Pictures with short captions:
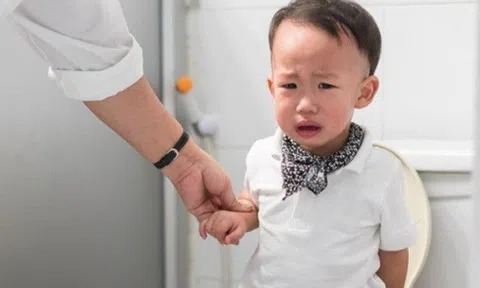 5 tuyệt chiêu giúp trẻ đánh bay táo bón kéo dài tại nhà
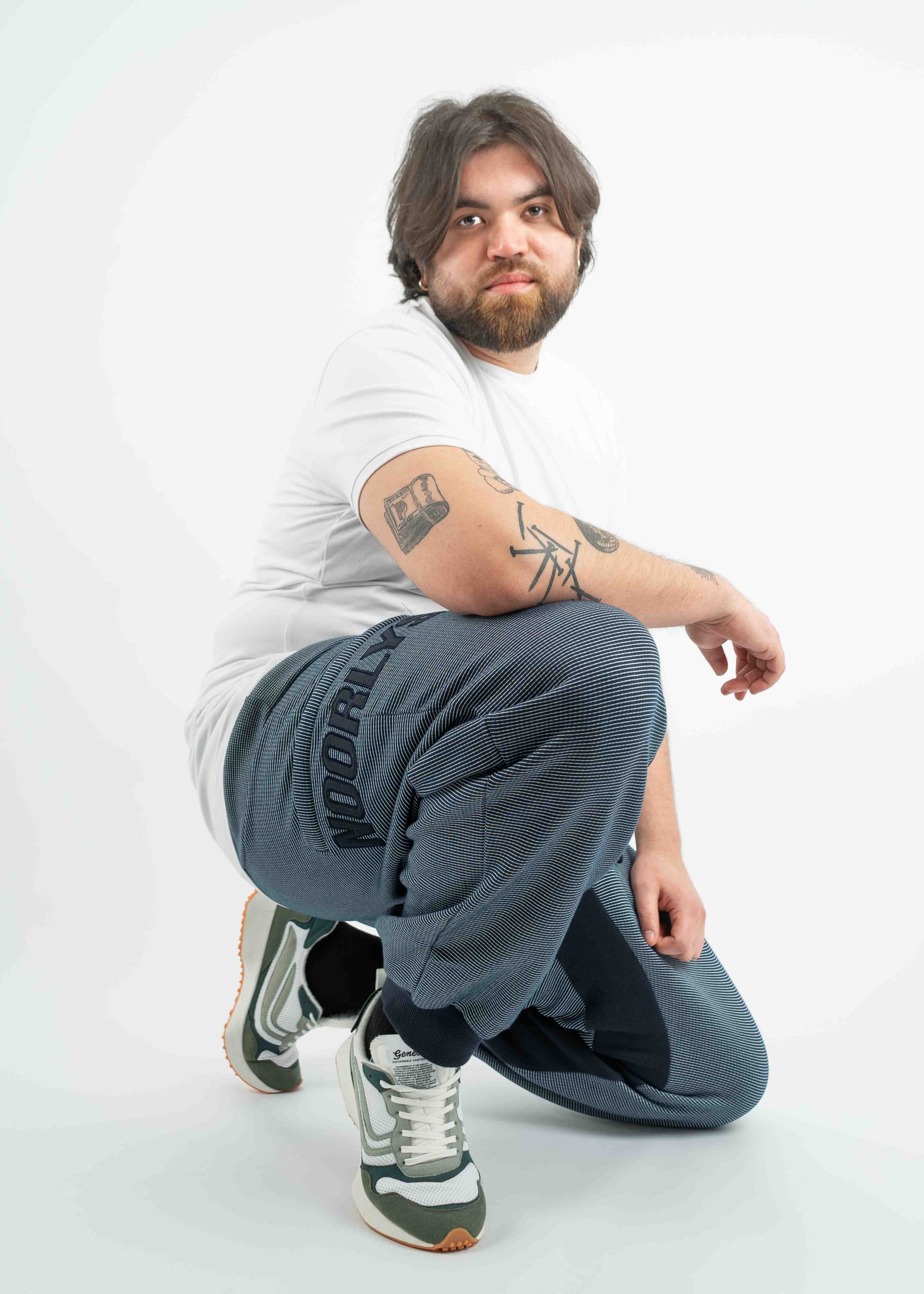 Unser Model Kurt ist <strong>196 cm</strong> groß und trägt <strong>Größe L+</strong>.#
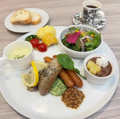 料理メニュー写真&nbsp;ドイツ風ハーブソーセージのランチプレート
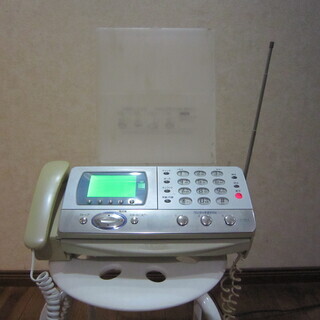 サンヨーの電話機　親機1台と子機3台（ＦＡＸは使用不能です。）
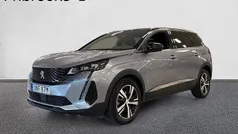 Grå Begagnad 2022 Peugeot 5008 GT Minibuss | 329 800 kr (Marknadspris)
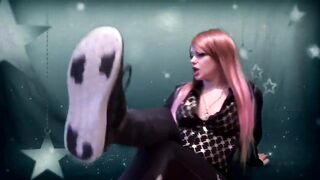See me doing ravishing exercises and clean my sport kneeckers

WORK INSTRUCTIONS: Each record above is to be returned unchanged, while any picture it holds stays out.

RESPONSE:
 5 tuyệt chiêu giúp trẻ đánh bay táo bón kéo dài tại nhà
 Unser Model Kurt ist <strong>196 cm</strong> groß und trägt <strong>Größe L+</strong>.#
 料理メニュー写真&nbsp;ドイツ風ハーブソーセージのランチプレート
 サンヨーの電話機　親機1台と子機3台（ＦＡＸは使用不能です。）
 Grå Begagnad 2022 Peugeot 5008 GT Minibuss | 329 800 kr (Marknadspris)
See me doing ravishing exercises and clean my sport kneeckers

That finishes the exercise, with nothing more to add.